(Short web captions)

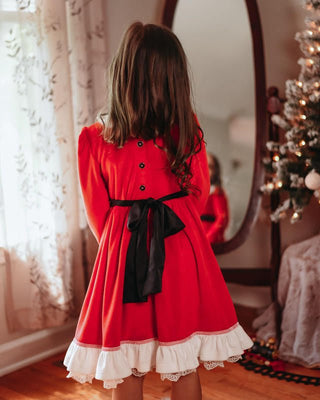 Girl's Holiday Twirl Dress - Sweetie Clause Eliza Cate and Co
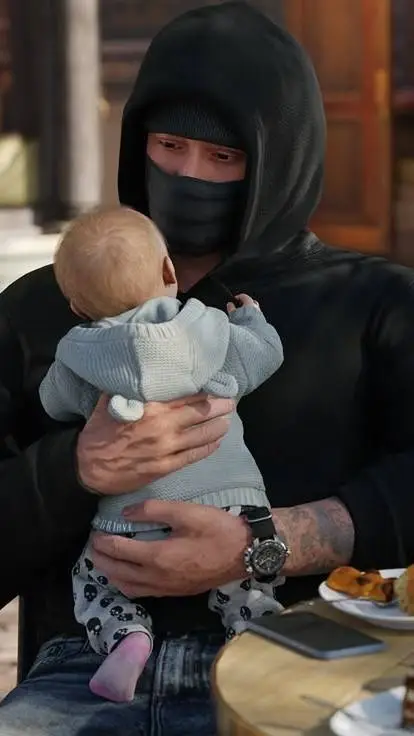 ai character: ghost  background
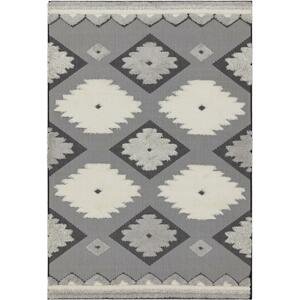 ASIATIC LONDON Alfresco Monty Black Cream Tribal - koberec ROZMER CM: 120 x 170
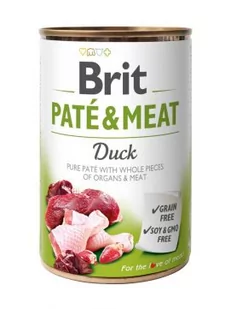 Brit Pate & Meat Dog Duck KACZKA 400g DARMOWA DOSTAWA od 95zł +DO 3% ZWROTU W PROGRAMIE LOJALNOŚCIOWYM PATE-400-DUCK - Mokra karma dla psów - miniaturka - grafika 1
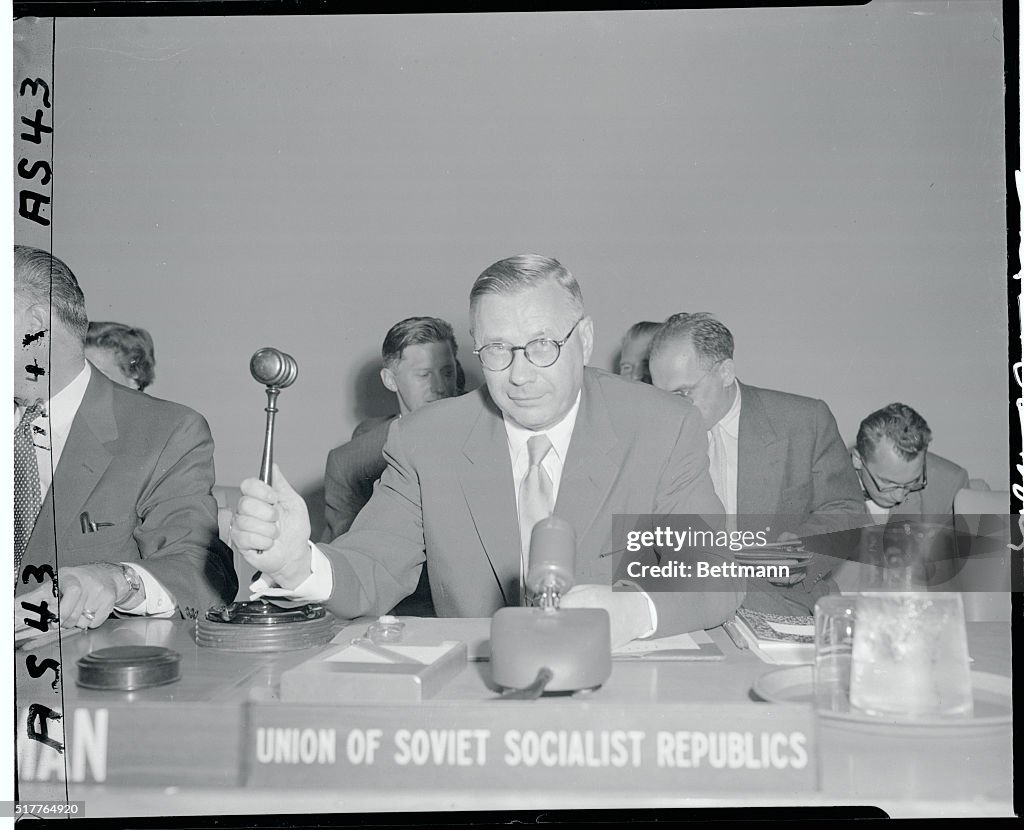 Arkady Sobolev Holding a Gavel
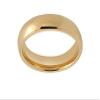 CROWNAL 1mm 2mm 3mm 4mm 5mm 6mm 7mm 8mm Tungsten Silver/Yellow Gold/Rose Gold/Black Wedding Band Ring Men Women Plain Dome Polished Comfort Fit Size 3 To 17 (Gold 3mm,9) view 2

**Problem to work on**.
Set down the data above verbatim, omitting every image.

**Written response**.
 Girl's Holiday Twirl Dress - Sweetie Clause Eliza Cate and Co
 ai character: ghost  background
 ASIATIC LONDON Alfresco Monty Black Cream Tribal - koberec ROZMER CM: 120 x 170
 Brit Pate & Meat Dog Duck KACZKA 400g DARMOWA DOSTAWA od 95zł +DO 3% ZWROTU W PROGRAMIE LOJALNOŚCIOWYM PATE-400-DUCK - Mokra karma dla psów - miniaturka - grafika 1
 Arkady Sobolev Holding a Gavel
 CROWNAL 1mm 2mm 3mm 4mm 5mm 6mm 7mm 8mm Tungsten Silver/Yellow Gold/Rose Gold/Black Wedding Band Ring Men Women Plain Dome Polished Comfort Fit Size 3 To 17 (Gold 3mm,9) view 2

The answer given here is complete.